Hilgemann D W, Ball R
Department of Physiology, University of Texas, Southwestern Medical Center at Dallas, Dallas, TX 75235-9040, USA.
Science. 1996 Aug 16;273(5277):956-9. doi: 10.1126/science.273.5277.956.
Cardiac Na+,Ca2+ exchange is activated by a mechanism that requires hydrolysis of adenosine triphosphate (ATP) but is not mediated by protein kinases. In giant cardiac membrane patches, ATP acted to generate phosphatidylinositol-4,5-bisphosphate (PIP2) from phosphatidylinositol (PI). The action of ATP was abolished by a PI-specific phospholipase C (PLC) and recovered after addition of exogenous PI; it was reversed by a PIP2-specific PLC; and it was mimicked by exogenous PIP2. High concentrations of free Ca2+ (5 to 20 microM) accelerated reversal of the ATP effect, and PLC activity in myocyte membranes was activated with a similar Ca2+ dependence. Aluminum reversed the ATP effect by binding with high affinity to PIP2. ATP-inhibited potassium channels (KATP) were also sensitive to PIP2, whereas Na+,K+ pumps and Na+ channels were not. Thus, PIP2 may be an important regulator of both ion transporters and channels.

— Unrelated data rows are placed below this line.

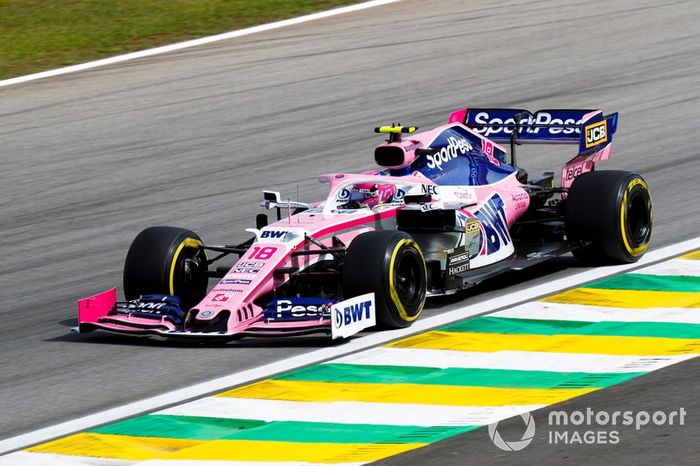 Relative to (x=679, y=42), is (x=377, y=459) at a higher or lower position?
lower

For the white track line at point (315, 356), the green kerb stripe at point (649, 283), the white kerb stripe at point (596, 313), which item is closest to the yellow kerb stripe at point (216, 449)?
the white track line at point (315, 356)

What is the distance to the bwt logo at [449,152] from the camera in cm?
1183

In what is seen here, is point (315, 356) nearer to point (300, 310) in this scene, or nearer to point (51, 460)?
point (300, 310)

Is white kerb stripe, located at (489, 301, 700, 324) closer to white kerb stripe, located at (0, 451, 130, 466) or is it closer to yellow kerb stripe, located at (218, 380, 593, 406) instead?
yellow kerb stripe, located at (218, 380, 593, 406)

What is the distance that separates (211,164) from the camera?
58.0ft

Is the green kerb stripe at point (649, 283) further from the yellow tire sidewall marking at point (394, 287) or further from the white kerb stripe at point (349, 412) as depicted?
the white kerb stripe at point (349, 412)

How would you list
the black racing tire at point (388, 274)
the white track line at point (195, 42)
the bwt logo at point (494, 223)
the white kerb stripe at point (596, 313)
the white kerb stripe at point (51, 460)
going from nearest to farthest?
the white kerb stripe at point (51, 460), the black racing tire at point (388, 274), the white kerb stripe at point (596, 313), the bwt logo at point (494, 223), the white track line at point (195, 42)

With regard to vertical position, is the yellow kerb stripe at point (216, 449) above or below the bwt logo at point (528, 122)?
below

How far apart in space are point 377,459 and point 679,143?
10.3 meters

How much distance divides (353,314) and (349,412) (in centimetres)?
138

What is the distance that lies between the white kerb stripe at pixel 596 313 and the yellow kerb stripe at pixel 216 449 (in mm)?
3025

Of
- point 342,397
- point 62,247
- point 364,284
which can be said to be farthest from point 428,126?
point 342,397

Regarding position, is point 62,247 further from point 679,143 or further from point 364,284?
point 679,143

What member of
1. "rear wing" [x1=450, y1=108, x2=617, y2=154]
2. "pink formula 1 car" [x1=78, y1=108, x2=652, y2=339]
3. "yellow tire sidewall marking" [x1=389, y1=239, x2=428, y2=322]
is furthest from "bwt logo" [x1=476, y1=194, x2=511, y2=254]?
"rear wing" [x1=450, y1=108, x2=617, y2=154] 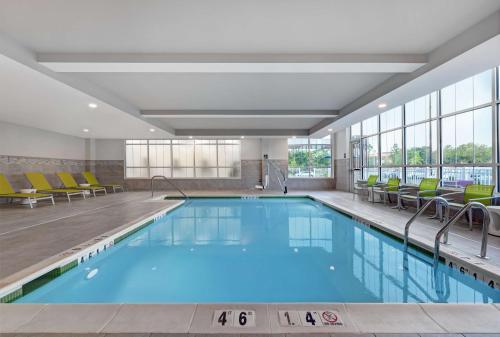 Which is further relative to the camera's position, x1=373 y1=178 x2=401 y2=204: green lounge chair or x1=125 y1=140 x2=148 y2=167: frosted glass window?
x1=125 y1=140 x2=148 y2=167: frosted glass window

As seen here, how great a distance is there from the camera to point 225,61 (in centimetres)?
376

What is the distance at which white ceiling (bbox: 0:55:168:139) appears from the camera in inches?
164

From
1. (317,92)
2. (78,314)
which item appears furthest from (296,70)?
(78,314)

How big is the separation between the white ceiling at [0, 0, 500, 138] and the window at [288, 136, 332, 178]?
21.3ft

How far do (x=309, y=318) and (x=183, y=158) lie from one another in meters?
11.3

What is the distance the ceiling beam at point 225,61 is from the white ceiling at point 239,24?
9cm

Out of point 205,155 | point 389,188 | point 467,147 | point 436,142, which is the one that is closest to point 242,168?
point 205,155

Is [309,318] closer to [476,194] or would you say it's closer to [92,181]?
[476,194]

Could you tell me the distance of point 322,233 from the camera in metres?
4.95

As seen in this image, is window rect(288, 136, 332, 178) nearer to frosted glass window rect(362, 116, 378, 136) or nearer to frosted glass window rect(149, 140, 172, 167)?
frosted glass window rect(362, 116, 378, 136)

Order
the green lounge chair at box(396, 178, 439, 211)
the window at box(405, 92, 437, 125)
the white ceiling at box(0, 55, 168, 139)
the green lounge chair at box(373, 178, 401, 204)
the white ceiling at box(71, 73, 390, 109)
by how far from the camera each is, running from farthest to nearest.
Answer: the green lounge chair at box(373, 178, 401, 204), the window at box(405, 92, 437, 125), the green lounge chair at box(396, 178, 439, 211), the white ceiling at box(71, 73, 390, 109), the white ceiling at box(0, 55, 168, 139)

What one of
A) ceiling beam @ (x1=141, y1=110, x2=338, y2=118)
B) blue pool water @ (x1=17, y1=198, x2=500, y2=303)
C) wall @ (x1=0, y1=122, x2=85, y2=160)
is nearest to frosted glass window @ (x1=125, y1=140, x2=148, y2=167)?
wall @ (x1=0, y1=122, x2=85, y2=160)

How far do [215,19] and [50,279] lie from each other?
10.6ft

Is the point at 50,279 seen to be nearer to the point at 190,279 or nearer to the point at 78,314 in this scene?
the point at 78,314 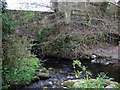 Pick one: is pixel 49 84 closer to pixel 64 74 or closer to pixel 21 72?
pixel 21 72

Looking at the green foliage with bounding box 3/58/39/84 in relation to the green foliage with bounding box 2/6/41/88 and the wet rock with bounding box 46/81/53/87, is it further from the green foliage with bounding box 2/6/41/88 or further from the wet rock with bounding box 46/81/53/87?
the wet rock with bounding box 46/81/53/87

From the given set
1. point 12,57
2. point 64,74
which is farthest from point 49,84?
point 12,57

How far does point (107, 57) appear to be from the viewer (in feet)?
21.6

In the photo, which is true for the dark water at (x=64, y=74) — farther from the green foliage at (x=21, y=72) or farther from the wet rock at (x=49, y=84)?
the green foliage at (x=21, y=72)

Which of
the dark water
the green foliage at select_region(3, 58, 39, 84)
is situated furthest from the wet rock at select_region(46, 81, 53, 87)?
the green foliage at select_region(3, 58, 39, 84)

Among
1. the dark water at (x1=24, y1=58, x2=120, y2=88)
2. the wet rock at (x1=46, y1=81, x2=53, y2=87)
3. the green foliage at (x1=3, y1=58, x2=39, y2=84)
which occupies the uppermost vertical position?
the green foliage at (x1=3, y1=58, x2=39, y2=84)

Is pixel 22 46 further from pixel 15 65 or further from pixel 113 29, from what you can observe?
pixel 113 29

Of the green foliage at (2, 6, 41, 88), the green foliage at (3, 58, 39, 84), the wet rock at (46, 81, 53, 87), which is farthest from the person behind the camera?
the wet rock at (46, 81, 53, 87)

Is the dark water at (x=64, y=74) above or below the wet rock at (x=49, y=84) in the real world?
below

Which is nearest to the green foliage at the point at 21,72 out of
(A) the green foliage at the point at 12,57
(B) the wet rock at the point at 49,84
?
(A) the green foliage at the point at 12,57

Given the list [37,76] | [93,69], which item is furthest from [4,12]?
[93,69]

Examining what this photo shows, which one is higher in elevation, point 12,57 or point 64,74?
point 12,57

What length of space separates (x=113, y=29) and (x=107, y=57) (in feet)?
5.82

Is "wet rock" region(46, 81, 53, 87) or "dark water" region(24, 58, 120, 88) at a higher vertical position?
"wet rock" region(46, 81, 53, 87) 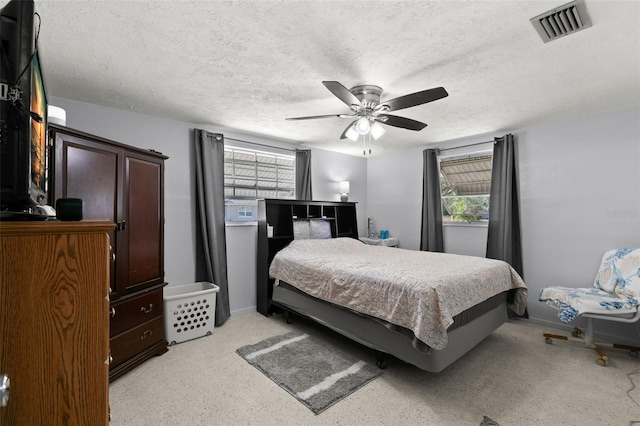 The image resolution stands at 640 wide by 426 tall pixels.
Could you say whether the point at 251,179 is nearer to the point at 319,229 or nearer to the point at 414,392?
the point at 319,229

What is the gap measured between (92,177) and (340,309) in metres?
2.42

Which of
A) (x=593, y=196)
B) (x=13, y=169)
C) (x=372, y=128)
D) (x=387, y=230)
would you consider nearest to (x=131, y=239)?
(x=13, y=169)

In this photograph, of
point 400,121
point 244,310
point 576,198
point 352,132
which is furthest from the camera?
point 244,310

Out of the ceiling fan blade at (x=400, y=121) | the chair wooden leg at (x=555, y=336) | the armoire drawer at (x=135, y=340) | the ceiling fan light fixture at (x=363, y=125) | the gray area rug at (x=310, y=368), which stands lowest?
the gray area rug at (x=310, y=368)

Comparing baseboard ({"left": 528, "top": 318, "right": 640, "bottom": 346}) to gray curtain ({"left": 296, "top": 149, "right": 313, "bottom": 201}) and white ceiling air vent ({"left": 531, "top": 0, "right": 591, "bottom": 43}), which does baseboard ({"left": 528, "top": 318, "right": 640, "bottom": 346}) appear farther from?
gray curtain ({"left": 296, "top": 149, "right": 313, "bottom": 201})

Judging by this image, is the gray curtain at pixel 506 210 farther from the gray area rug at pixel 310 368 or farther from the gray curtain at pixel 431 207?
the gray area rug at pixel 310 368

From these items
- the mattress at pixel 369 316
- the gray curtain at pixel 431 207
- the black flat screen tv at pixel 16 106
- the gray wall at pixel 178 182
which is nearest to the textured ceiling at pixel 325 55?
the gray wall at pixel 178 182

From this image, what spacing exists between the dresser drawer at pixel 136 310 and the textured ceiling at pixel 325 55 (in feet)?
6.22

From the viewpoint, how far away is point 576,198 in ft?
11.3

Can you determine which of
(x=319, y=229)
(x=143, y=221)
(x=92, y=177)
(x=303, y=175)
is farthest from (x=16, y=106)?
(x=303, y=175)

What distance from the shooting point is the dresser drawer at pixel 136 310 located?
2367 mm

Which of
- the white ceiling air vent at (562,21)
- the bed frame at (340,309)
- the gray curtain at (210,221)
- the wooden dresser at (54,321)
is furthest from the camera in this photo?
the gray curtain at (210,221)

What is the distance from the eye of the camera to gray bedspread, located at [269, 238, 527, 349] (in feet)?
6.94

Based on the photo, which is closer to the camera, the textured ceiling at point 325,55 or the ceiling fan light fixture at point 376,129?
the textured ceiling at point 325,55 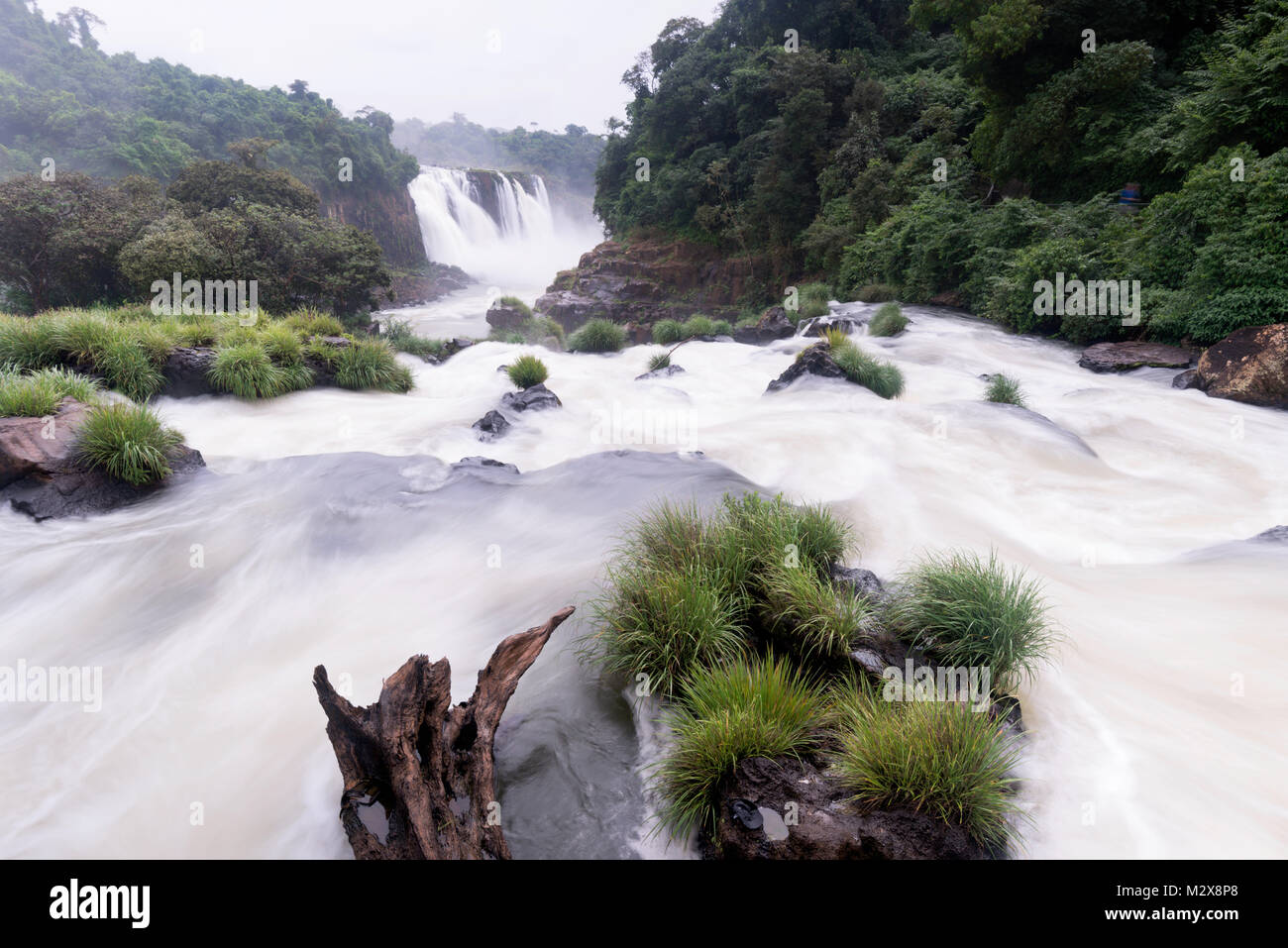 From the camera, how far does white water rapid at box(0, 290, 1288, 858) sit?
2809mm

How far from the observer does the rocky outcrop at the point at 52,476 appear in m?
5.56

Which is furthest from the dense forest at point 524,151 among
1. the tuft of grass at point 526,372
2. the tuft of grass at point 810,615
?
the tuft of grass at point 810,615

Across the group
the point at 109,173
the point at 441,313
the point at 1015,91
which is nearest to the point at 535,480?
the point at 1015,91

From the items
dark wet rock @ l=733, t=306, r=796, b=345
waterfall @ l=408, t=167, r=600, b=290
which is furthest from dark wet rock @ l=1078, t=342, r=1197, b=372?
waterfall @ l=408, t=167, r=600, b=290

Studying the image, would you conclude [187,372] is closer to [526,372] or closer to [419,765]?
[526,372]

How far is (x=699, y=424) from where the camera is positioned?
31.3 ft

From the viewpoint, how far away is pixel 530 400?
1020cm

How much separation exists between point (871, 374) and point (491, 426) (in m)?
6.79

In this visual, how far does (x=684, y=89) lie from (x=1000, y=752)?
123ft

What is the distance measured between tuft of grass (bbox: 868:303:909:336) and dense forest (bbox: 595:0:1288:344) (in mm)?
2290

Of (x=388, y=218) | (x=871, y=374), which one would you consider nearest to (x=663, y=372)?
(x=871, y=374)

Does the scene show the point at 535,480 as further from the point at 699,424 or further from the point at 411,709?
the point at 411,709

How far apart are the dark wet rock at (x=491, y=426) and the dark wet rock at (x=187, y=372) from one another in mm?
4506

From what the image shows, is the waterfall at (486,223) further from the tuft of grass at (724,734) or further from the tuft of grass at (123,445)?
the tuft of grass at (724,734) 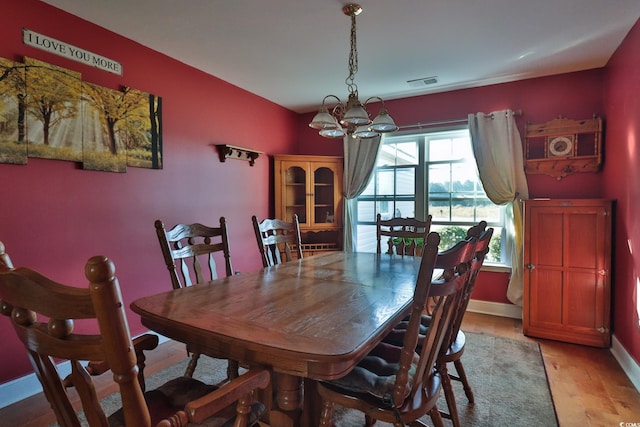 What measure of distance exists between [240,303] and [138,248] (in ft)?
5.75

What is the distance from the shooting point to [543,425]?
5.87 feet

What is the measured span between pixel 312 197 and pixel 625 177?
117 inches

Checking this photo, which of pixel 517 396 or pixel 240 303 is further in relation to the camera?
pixel 517 396

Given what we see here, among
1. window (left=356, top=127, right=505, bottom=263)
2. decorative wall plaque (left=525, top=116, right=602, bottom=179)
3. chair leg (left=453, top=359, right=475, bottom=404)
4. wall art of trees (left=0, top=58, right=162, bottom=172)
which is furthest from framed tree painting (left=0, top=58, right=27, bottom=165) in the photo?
decorative wall plaque (left=525, top=116, right=602, bottom=179)

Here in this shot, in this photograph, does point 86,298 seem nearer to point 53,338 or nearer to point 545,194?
point 53,338

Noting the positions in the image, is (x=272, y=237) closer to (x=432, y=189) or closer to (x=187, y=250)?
(x=187, y=250)

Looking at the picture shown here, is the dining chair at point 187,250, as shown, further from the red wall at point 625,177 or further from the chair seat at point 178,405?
the red wall at point 625,177

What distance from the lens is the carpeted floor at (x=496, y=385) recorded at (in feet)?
6.08

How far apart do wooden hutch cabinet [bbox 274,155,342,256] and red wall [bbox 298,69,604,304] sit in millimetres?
1160

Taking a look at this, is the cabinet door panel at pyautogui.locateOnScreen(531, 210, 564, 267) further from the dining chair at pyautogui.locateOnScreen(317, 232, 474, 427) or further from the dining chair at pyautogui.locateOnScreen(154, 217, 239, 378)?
the dining chair at pyautogui.locateOnScreen(154, 217, 239, 378)

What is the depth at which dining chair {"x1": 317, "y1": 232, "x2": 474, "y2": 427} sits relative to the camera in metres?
1.11

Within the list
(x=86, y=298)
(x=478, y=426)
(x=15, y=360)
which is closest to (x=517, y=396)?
(x=478, y=426)

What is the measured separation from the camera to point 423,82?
359 cm

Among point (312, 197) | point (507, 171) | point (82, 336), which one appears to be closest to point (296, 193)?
point (312, 197) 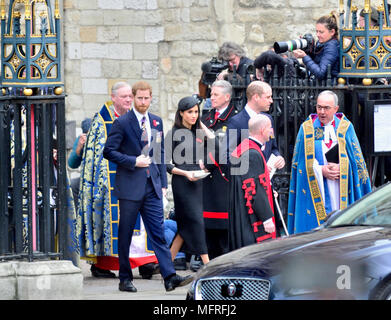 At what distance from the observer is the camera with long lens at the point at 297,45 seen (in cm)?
1247

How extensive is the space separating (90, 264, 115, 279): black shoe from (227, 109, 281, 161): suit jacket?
196cm

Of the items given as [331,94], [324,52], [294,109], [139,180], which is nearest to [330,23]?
[324,52]

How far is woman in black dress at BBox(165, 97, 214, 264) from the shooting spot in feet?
37.3

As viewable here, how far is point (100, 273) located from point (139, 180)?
70.4 inches

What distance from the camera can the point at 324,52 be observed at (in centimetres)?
1252

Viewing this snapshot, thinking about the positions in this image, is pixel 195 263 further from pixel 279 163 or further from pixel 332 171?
pixel 332 171

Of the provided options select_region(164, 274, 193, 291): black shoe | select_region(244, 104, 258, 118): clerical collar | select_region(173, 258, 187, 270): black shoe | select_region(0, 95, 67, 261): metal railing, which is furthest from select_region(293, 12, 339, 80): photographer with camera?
select_region(0, 95, 67, 261): metal railing

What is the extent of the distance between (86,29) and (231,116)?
7.35 meters

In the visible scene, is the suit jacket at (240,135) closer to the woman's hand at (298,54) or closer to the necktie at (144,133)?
the necktie at (144,133)

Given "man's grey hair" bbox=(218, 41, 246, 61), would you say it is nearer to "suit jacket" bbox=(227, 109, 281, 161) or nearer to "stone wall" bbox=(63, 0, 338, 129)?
"suit jacket" bbox=(227, 109, 281, 161)

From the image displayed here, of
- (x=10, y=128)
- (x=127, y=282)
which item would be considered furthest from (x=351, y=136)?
(x=10, y=128)

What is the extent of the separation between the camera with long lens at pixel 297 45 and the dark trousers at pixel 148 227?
2.30m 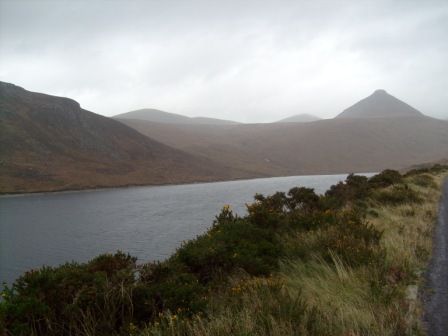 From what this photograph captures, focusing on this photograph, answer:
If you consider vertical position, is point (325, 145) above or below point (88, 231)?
above

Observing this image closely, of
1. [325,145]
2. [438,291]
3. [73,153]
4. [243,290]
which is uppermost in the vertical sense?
[325,145]

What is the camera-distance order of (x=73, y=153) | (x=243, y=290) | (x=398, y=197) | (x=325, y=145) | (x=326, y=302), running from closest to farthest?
(x=326, y=302)
(x=243, y=290)
(x=398, y=197)
(x=73, y=153)
(x=325, y=145)

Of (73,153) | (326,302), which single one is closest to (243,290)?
(326,302)

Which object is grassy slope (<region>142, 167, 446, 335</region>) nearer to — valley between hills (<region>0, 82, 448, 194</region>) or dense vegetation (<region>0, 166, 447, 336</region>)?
dense vegetation (<region>0, 166, 447, 336</region>)

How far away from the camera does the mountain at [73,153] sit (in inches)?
2398

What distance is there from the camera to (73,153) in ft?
248

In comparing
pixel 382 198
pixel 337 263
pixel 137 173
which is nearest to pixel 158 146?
pixel 137 173

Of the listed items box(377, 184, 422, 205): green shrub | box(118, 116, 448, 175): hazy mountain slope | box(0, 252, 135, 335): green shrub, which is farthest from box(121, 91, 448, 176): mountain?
box(0, 252, 135, 335): green shrub

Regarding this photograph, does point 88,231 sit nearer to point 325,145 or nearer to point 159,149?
point 159,149

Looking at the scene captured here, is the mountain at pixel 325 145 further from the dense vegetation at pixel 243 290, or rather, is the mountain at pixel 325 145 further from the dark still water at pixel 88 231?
the dense vegetation at pixel 243 290

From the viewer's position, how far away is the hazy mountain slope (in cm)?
11713

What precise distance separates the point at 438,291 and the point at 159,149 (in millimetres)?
95386

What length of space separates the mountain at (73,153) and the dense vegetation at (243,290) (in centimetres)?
5447

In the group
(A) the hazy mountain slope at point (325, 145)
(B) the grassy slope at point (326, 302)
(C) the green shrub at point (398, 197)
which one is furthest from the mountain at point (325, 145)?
(B) the grassy slope at point (326, 302) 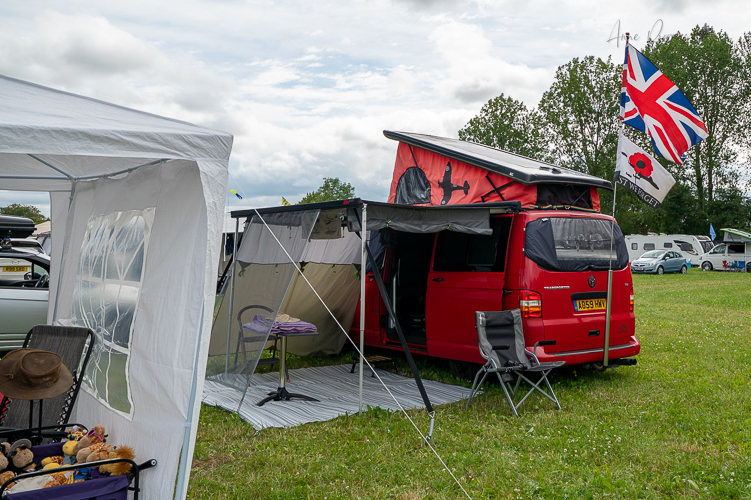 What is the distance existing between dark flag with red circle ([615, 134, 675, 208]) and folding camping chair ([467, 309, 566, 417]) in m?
2.29

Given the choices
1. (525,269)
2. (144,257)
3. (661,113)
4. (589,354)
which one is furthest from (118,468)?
(661,113)

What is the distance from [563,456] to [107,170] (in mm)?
4064

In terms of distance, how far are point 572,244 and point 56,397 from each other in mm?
4901

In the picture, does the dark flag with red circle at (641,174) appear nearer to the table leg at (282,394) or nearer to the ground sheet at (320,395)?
the ground sheet at (320,395)

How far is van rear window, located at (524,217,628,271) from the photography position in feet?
19.8

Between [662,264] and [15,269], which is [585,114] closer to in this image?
[662,264]

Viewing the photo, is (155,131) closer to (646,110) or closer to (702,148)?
(646,110)

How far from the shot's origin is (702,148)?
34312 mm

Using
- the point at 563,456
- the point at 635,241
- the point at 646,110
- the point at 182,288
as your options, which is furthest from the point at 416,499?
the point at 635,241

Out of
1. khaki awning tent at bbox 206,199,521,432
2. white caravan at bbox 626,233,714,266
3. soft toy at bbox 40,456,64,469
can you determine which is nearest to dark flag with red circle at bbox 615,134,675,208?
khaki awning tent at bbox 206,199,521,432

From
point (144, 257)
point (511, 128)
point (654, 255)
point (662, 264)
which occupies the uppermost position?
point (511, 128)

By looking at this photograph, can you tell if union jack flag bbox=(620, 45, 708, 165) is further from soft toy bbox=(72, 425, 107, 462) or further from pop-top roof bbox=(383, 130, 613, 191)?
soft toy bbox=(72, 425, 107, 462)

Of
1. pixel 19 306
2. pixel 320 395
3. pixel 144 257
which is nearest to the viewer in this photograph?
pixel 144 257

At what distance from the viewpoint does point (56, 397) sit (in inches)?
159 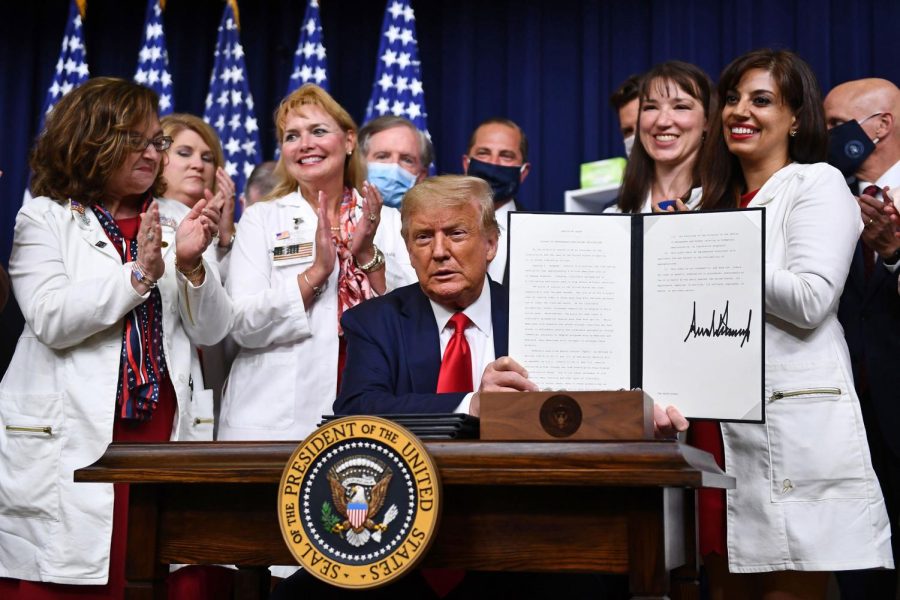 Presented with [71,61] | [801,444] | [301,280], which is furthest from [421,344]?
[71,61]

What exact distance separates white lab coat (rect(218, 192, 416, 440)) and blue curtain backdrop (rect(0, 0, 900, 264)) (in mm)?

心脏钠钙交换由一种需要三磷酸腺苷(ATP)水解但不由蛋白激酶介导的机制激活。在巨大心脏膜片上,ATP作用于由磷脂酰肌醇(PI)生成磷脂酰肌醇-4,5-二磷酸(PIP2)。ATP的作用被PI特异性磷脂酶C(PLC)消除,并在添加外源性PI后恢复;它被PIP2特异性PLC逆转;并且它被外源性PIP2模拟。高浓度的游离钙离子(5至20微摩尔)加速了ATP效应的逆转,并且心肌细胞膜中的PLC活性以类似的钙离子依赖性被激活。铝通过与PIP2高亲和力结合来逆转ATP效应。ATP抑制的钾通道(KATP)也对PIP2敏感,而钠钾泵和钠通道则不敏感。因此,PIP2可能是离子转运体和通道的重要调节因子。